DATA SUPPLIED >>
============
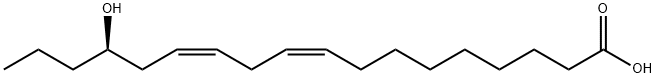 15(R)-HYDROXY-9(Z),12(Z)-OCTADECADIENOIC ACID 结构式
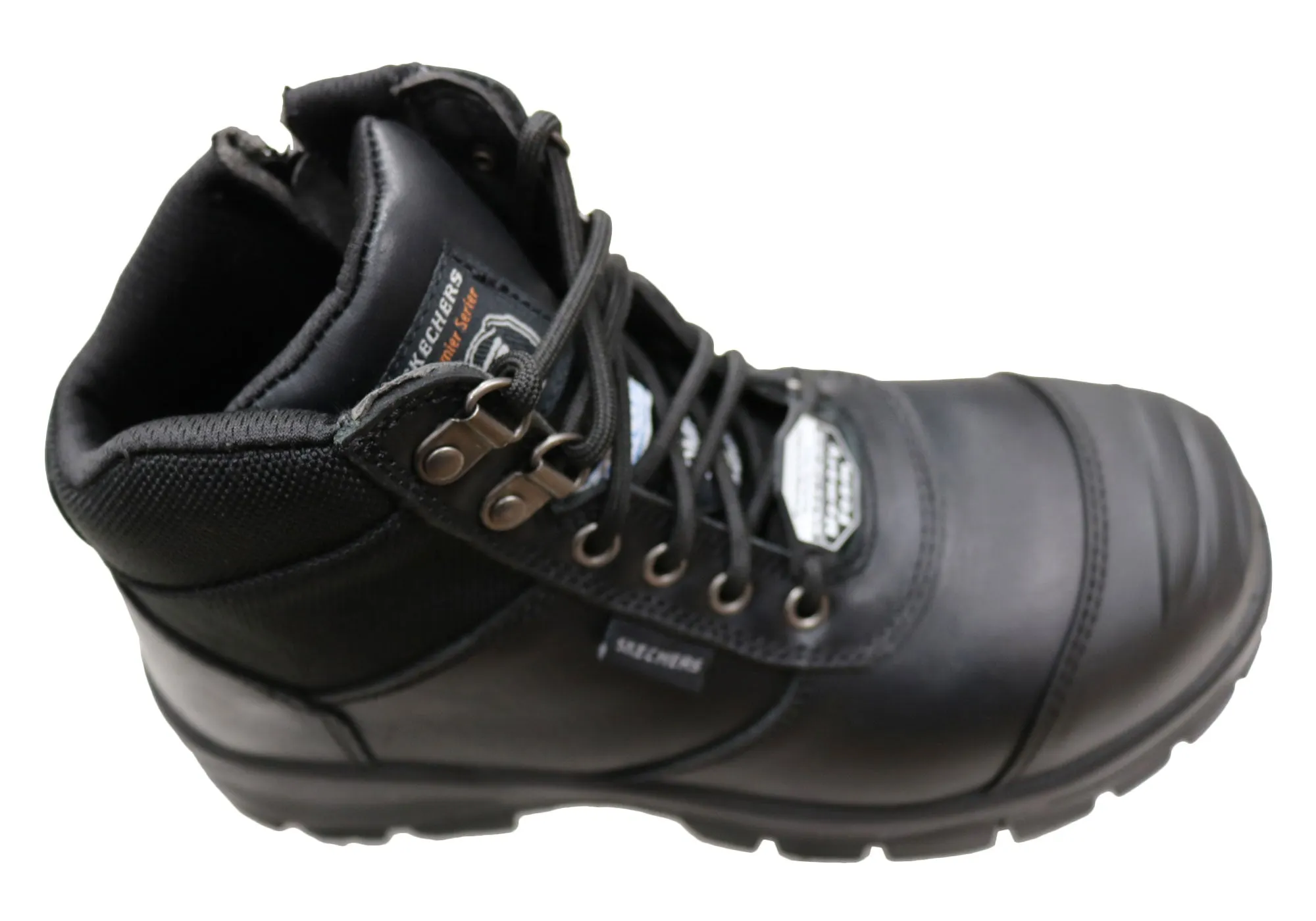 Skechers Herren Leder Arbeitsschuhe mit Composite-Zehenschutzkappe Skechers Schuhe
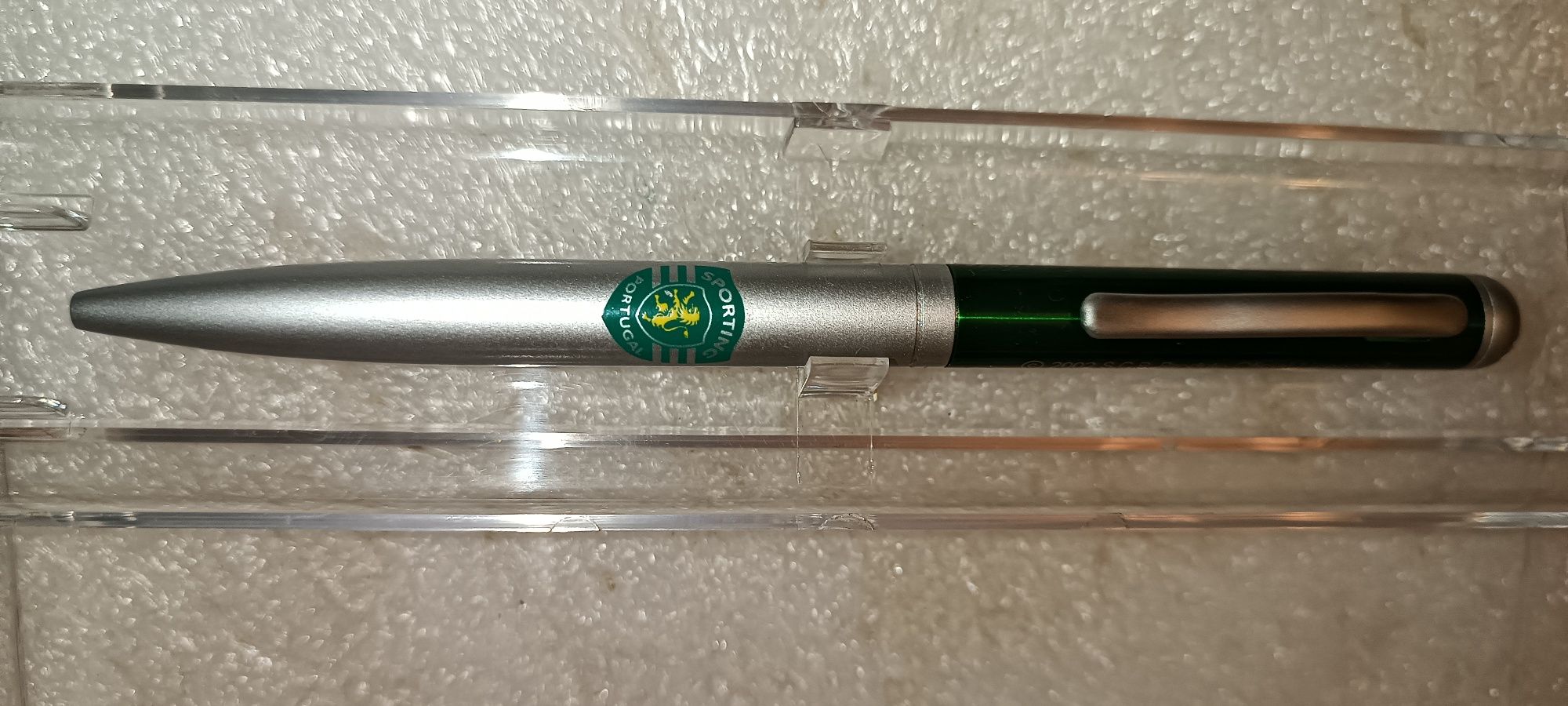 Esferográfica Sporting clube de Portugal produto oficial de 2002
============
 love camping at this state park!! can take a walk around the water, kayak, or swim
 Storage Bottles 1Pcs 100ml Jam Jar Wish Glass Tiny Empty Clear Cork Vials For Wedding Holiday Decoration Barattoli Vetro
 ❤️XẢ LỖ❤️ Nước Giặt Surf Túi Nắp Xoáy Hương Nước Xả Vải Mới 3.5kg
============
AIM OF THE EXERCISE >>
The answer is those lines of the material above that run from the one containing "15(R)-HYDROXY-9(Z),12(Z)-OCTADECADIENOIC ACID 结构式" up to and including the one containing "Esferográfica Sporting clube", restated exactly and without images.

ANSWER FOR THIS EXERCISE >>
 15(R)-HYDROXY-9(Z),12(Z)-OCTADECADIENOIC ACID 结构式
 Skechers Herren Leder Arbeitsschuhe mit Composite-Zehenschutzkappe Skechers Schuhe
 Esferográfica Sporting clube de Portugal produto oficial de 2002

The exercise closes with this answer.